Material for this exercise START

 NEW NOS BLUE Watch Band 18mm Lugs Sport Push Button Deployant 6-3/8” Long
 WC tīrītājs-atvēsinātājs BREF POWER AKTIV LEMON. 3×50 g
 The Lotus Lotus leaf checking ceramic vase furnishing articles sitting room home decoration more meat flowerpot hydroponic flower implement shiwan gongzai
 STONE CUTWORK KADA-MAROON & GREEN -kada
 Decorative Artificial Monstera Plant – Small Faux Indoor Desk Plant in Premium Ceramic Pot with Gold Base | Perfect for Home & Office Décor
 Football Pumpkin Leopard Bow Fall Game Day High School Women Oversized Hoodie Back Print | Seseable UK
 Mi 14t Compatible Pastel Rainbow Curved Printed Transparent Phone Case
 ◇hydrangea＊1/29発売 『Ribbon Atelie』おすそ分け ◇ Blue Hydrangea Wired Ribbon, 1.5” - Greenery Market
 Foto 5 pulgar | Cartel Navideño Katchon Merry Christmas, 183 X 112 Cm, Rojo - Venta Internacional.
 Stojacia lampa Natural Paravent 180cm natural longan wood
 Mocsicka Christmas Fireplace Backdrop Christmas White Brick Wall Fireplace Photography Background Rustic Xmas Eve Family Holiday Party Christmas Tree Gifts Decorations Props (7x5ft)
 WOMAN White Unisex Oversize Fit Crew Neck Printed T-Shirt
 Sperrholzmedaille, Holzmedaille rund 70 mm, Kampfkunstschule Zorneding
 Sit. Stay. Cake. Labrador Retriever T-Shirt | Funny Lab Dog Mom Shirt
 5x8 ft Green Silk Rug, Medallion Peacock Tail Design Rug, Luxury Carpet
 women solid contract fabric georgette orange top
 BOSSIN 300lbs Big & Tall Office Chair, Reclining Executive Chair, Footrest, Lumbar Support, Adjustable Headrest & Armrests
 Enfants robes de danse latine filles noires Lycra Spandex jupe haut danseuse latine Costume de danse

Material for this exercise END

§ Problem:
Which lines in the records above contain the word "Printed"? Return each of them.

§ The answer:
 Mi 14t Compatible Pastel Rainbow Curved Printed Transparent Phone Case
 WOMAN White Unisex Oversize Fit Crew Neck Printed T-Shirt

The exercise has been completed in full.